Yet a story told in and of itself does not qualify as literature unless it is formed according to a particular aesthetic, and the manner in which the author presents the logos is also important for the proper reception of a book. According to Lewis, “it is only by being also a Poiema that a Logos becomes a work of literary art at all.”[19] For Lewis, poiema encompasses everything from the basic blueprint of a story to the specific vocabulary employed by the author for rhetorical effect.[20] The internal consistency of the setting, the pacing of the narrative, the proportion of dialogue to exposition, etc., all combine to impress upon the reader a sense of this poiema, an effect which holds true at all levels of story composition, even down to the most granular level. As Lewis writes, “when a good writer leads you into a garden he either gives you a precise impression of that particular garden at that particular moment.”[21]

portrait dude

For these reasons the proper reception of literature in terms of its poiema involves the reader in a bifurcated awareness: on the one hand, the very design of a story is conducive to training our attention away from itself, making logos is the central object of our awareness. Yet on the other hand, the literary reader continues to be aware of the design elements present in the story, even as he ‘receives’ it. He remains peripherally conscious of the very techniques by which an author focuses his attention toward the logos. This double experience is “unquestionably a keen pleasure. Those who have had it want to have it again.”[22] In Lewis’s view, this peculiarly literary pleasure is connected with our temporal experience of the poiema as a sequence; it is much like participating in a choreographed dance. Having read a work, once we look back upon the experience, “we shall feel that we have been led through a pattern or arrangement of activities which our nature cried out for.”[23]

portrait cubist

Epistemologically, a ‘good reading’ takes place when a literary reader does not ‘use’ but ‘receives’ a literary work both in terms of what is said by the author as well as how the author says it.[24] Also, the impressions left upon the reader by the logos and poiema are almost simultaneous, involving him in a sort of dialectical vacillation between what Lewis elsewhere discusses as “enjoyment” and “contemplation” modes of consciousness.[25] Lewis describes this experience as follows:

Our own judgement of a man’s style, word by word and phrase by phrase, seems to us to be instantaneous; but it must always in reality be subsequent, by however infinitesimal an interval, to the effect the words and phrases have on us. Reading in Milton ‘chequered shade’ we find ourselves imagining a certain distribution of lights and shadows with unusual vividness, ease, and pleasure. We therefore conclude that ‘chequered shade’ is good writing. The result proves the excellence of the means. The clarity of the object proves that the lens we saw it through is good.[26]

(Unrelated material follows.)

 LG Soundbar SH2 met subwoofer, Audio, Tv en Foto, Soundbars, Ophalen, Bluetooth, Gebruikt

portrait library portrait korean

Lewis ties his assessment of good reading to the question of what makes a good book, and ultimately this leads him back to a critique of literary criticism as an academic enterprise. He questions its value as an aid to developing one’s actual literary experience, and advocates an approach to literature that is less concerned about setting a pecking order of books that meet with cultural approval and is instead focused on maximizing the number of occasions where those he terms ‘literary readers’ experience what he calls ‘good reading’. For him, literary criticism ought to be centered upon the reader, and the value of literature is to be located in its effect on the soul, not in its academic utility. Here we begin to see how a Lewisian engagement with literature could bear fruit as an apologetic enterprise. Having discussed Lewis’s theoretical framework, what remains is to explore how we might apply his notions of logos and poiema to the practice of a specifically literary form of apologetics.

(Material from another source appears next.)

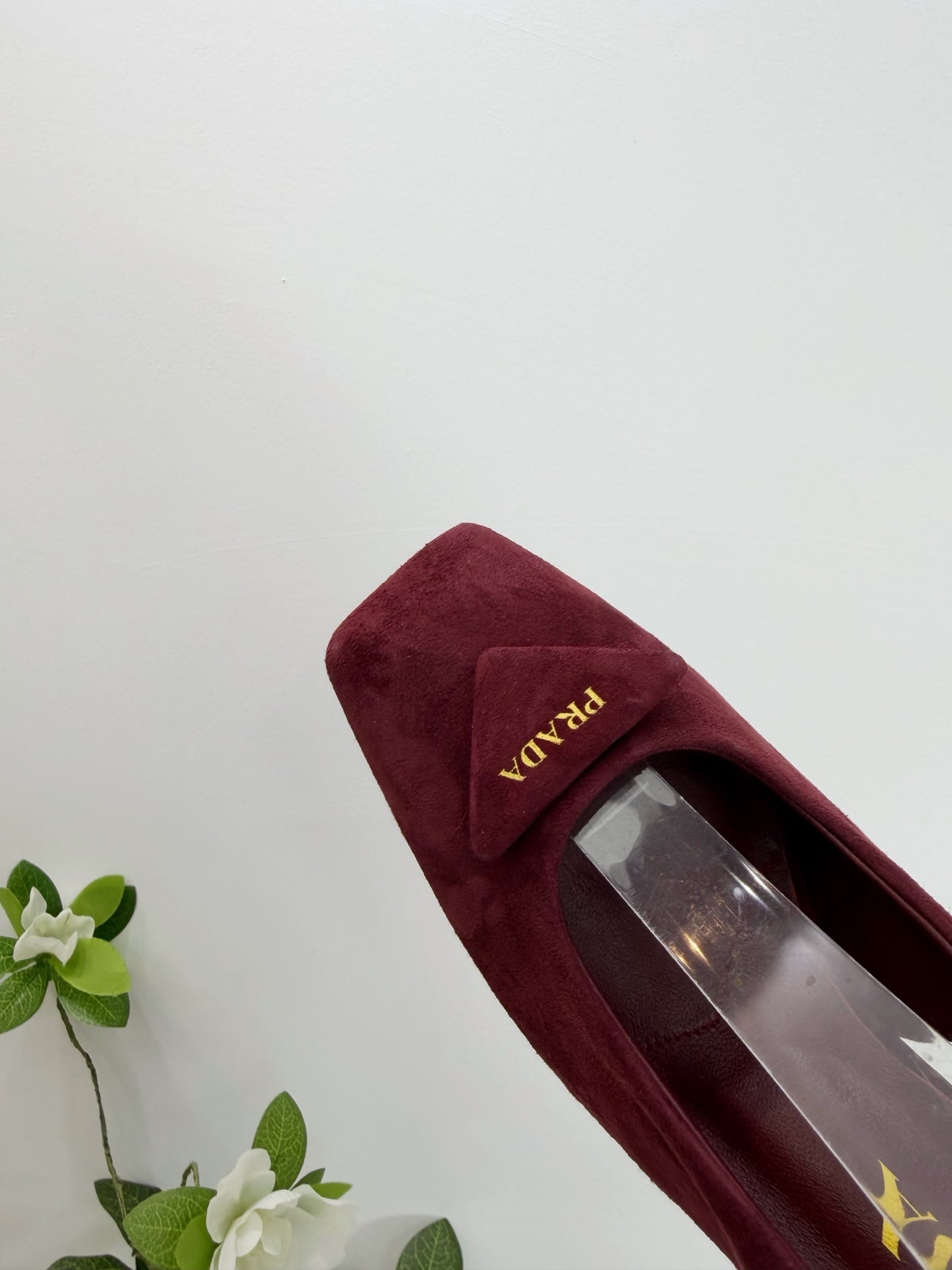 PRA 26SS Slingback 85 Burgundy Suede 592371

The sole task of apologetics is to defend the Christian faith. Traditionally conceived, this is relatively straightforward: apologists make philosophical arguments in support of Christian beliefs while defusing philosophical arguments against Christian beliefs. Unfortunately, philosophical apologetics is by nature limited in its scope. Such an activity does involve some sense of design, but here poiema is limited by the formal constraints of argument. At best one can adopt a style that is efficient, elegant, and engagingly dispassionate, because logical argument is necessarily dialectical and works best in debate settings.

portrait bradportrait 1953portrait dvd

Contrastingly, literary apologetics is rhetorical by nature and therefore it suffers from no such restrictions as to acceptable formats or design. It is a curious fact that the universally agreed upon source document from which all Christians derive the tenets of their faith bears much more resemblance to literary books than it does to books on logic or systematic philosophy. This is probably no coincidence. Christians have long appreciated the power of biblical narrative to enable a transcendent “enlargement of our being.”[27] This is the power of a literary poiema perfectly designed to match its logos — the Logos.[28] Rightly received, literature presents us with a very rough analog to the religious experience. A weaker form of transcendence though it is, literature extends to the unbeliever a chance to experience via mimesis how plausible Christianity can seem. That this takes place in an imaginative space through the activity of good reading is an attractive thought to reluctant unbelievers, for literature is a much more inviting atmosphere than the debate arena — it seems like neutral ground.

portrait dog

Great literary works are sui generis by nature; thus the literary apologist has a much broader palette available to him, both in terms of what he conveys about the Christian faith and how he conveys it. A literary reader will approach a book in a posture of surrender, and willingly imbibe the perspective devised by its author; he will dance according to the sequence of story as choreographed by the author. In these ways the reader will expand his horizons by way of ‘good reading’ and transcend himself: he will consider concepts from other points of view, vicariously experience the emotions and opinions of personalities not his own, and inhabit worldviews tacitly embedded in the very structure of the literary work. Thus the poiema of story has a direct bearing on apologetics, especially as we consider that while it insinuates the logos upon the psyche it is simultaneously exerting its own pressure on the reader’s perception of overall design.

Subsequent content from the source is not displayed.